Bevor der Isländer als Reitpferd populär wurde, nutzte man ihn in Island vor allem als Arbeitstier, früher sogar als Nutztier zur Fleischgewinnung. Bis 1926 war das Islandpferd als Transportmittel auf Island unerlässlich, da es kein Straßennetz auf der Insel gab. Danach erlebte die Islandpferdezucht ein Tief, das erst durch die Umstellung auf das Zuchtziel „Reitpferd“ beendet werden konnte. Das führte zu einem regelrechten Boom in den 50er und 60er Jahren. Hauptabnehmer für Islandpferde war dabei Deutschland.
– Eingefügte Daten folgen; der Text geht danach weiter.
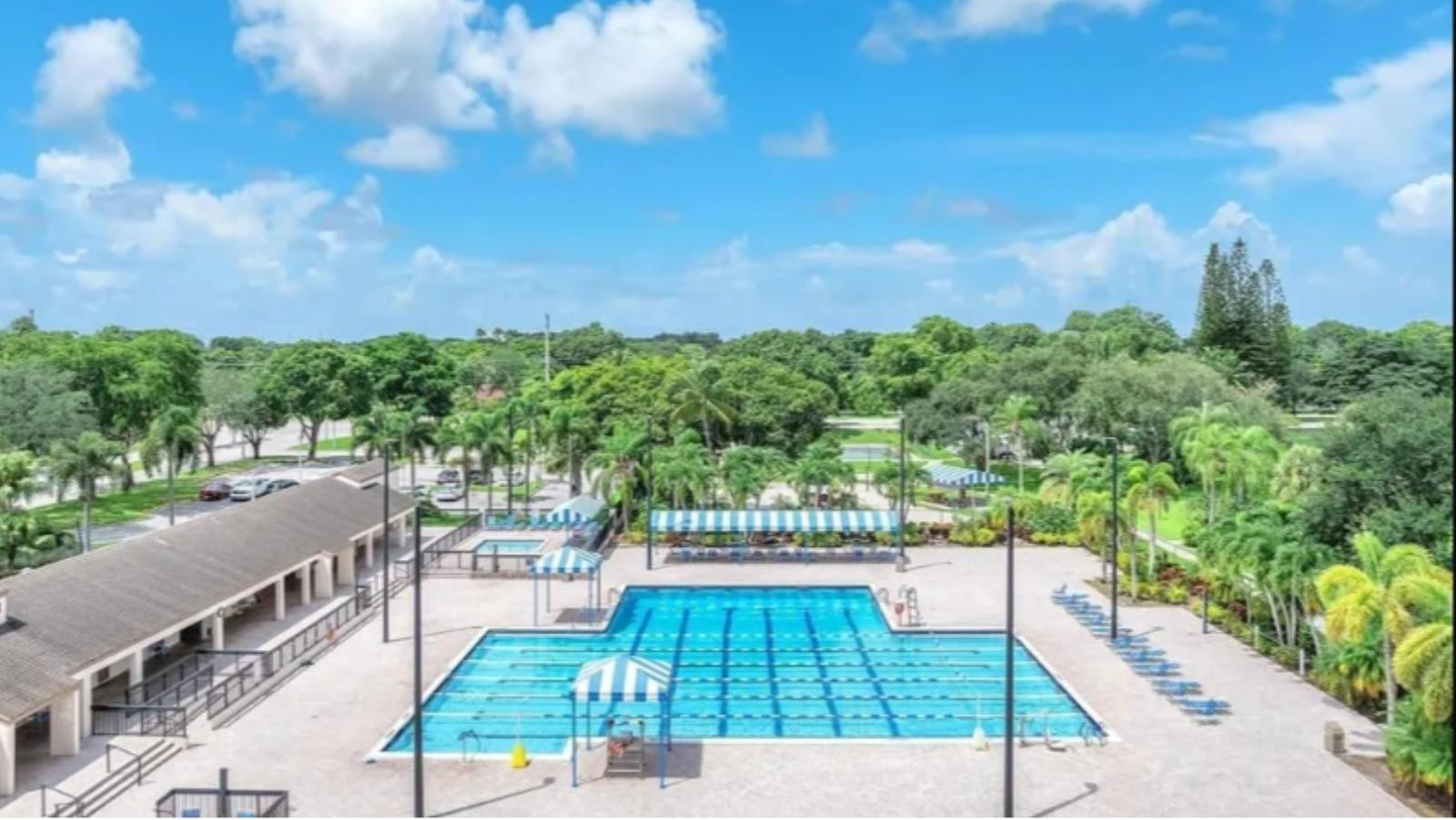 Golden Raintree V - Residential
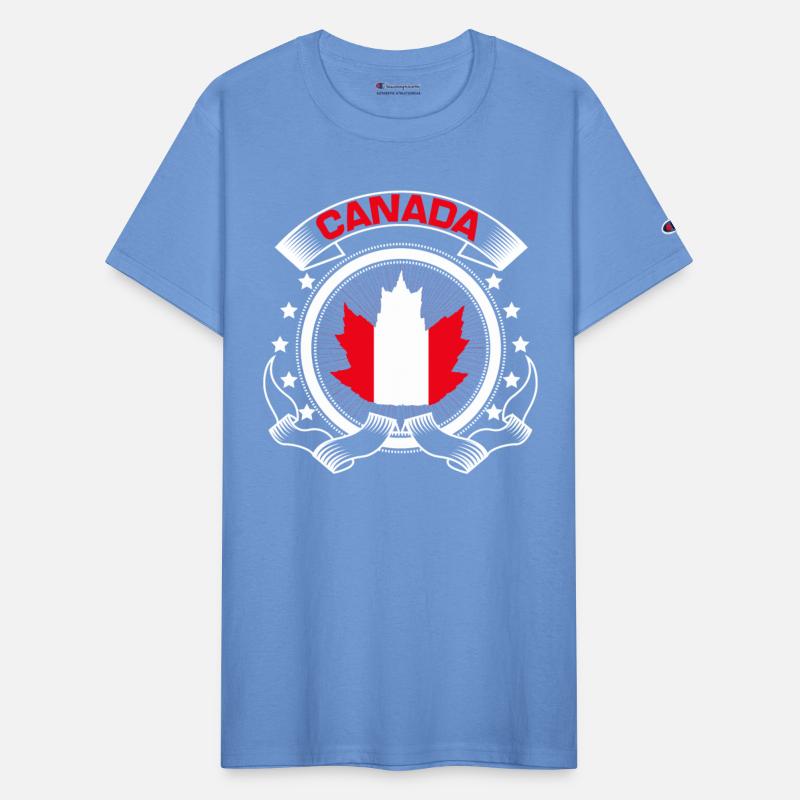 Canada Canadian Origin Gift Idea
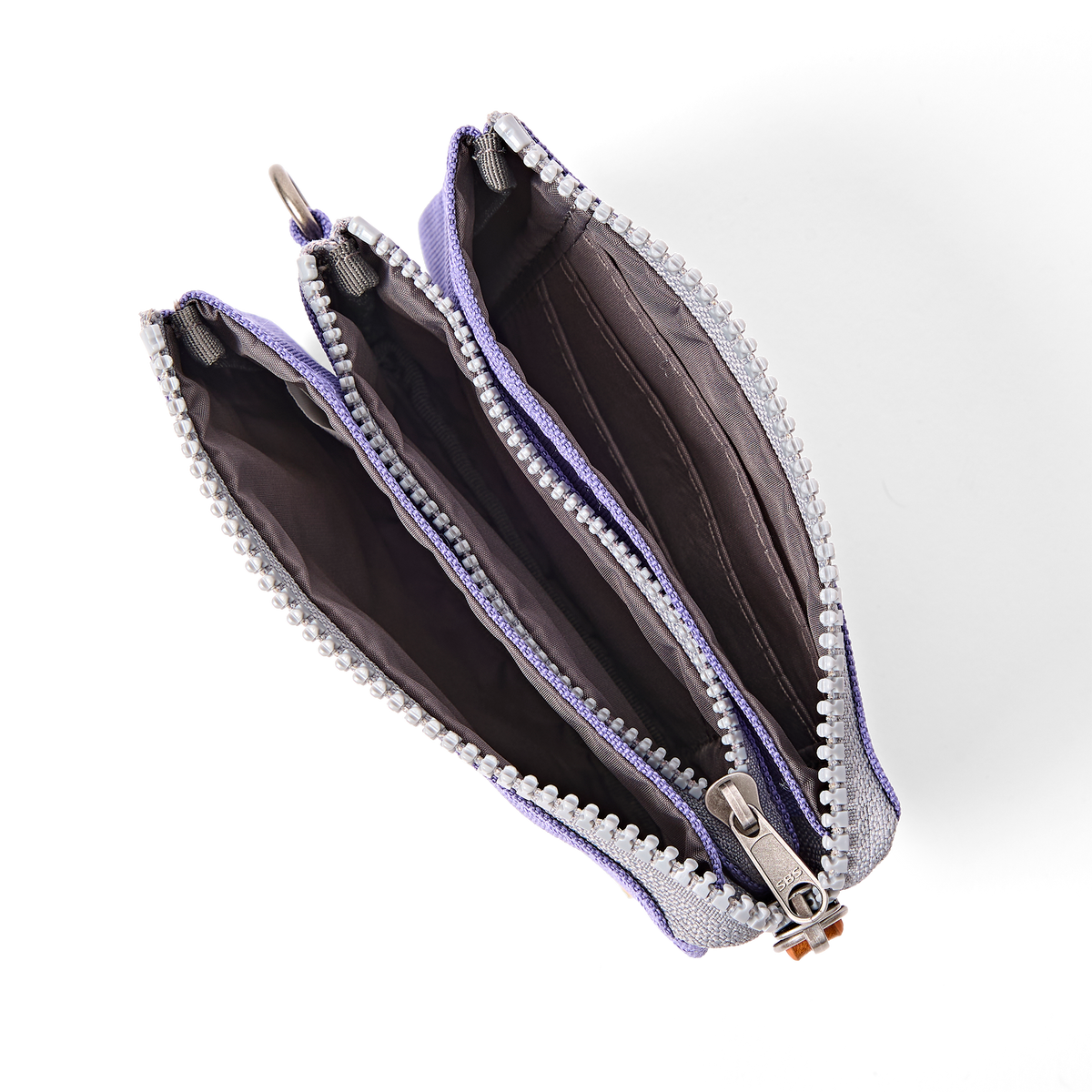 Carnaby Wallet in Oceana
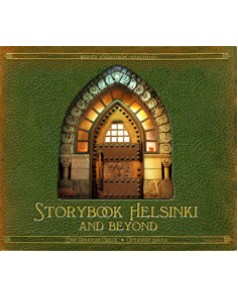 Storybook Helsinki and Beyond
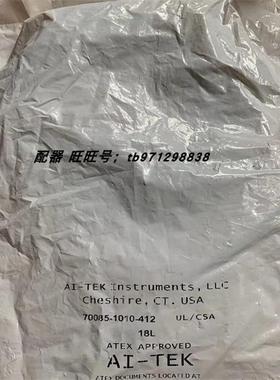 T77530-10 Ai-tek 转速表TACHPAK30 70085-1010-412 3500/32议价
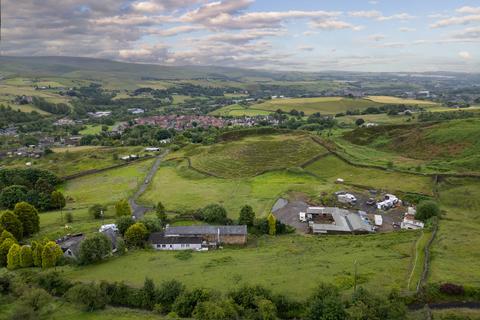 Farm for sale, Slack Farm, Higher Calderbrook Road, Littleborough, Lancashire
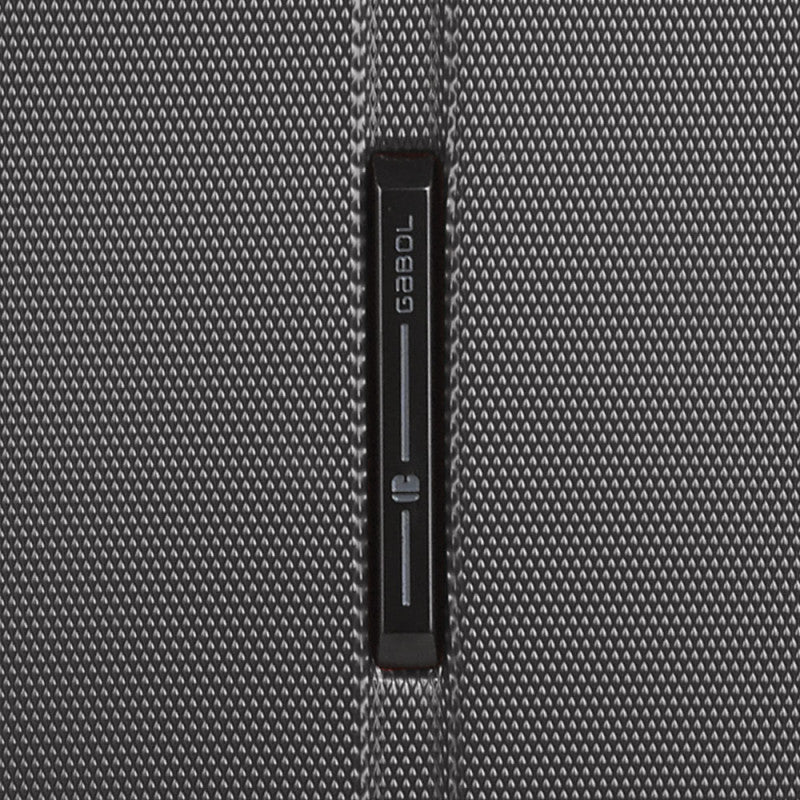 Valise Gabol Paradise XP (S) Gray (123322-016)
Bis heute sind wir das größte Zucht- und Exportland nach Island selbst.

Ein Gangpferd: So sticht der Isländer heraus

Der erste Unterschied, an den wohl fast jeder im ersten Moment denkt: Der Isländer ist ein Gangpferd. Neben den drei Grundgangarten Schritt, Trab und Galopp hat er die Voraussetzungen für eine oder zwei zusätzliche Gangarten: Tölt und Pass. Genauso wie sich die drei bekannten Gangarten vom Reitgefühl und der Schrittfolge her unterscheiden, fühlen sich auch Tölt und Pass nicht nur anders an, hinter ihnen steckt auch eine unterschiedliche Gangmechanik.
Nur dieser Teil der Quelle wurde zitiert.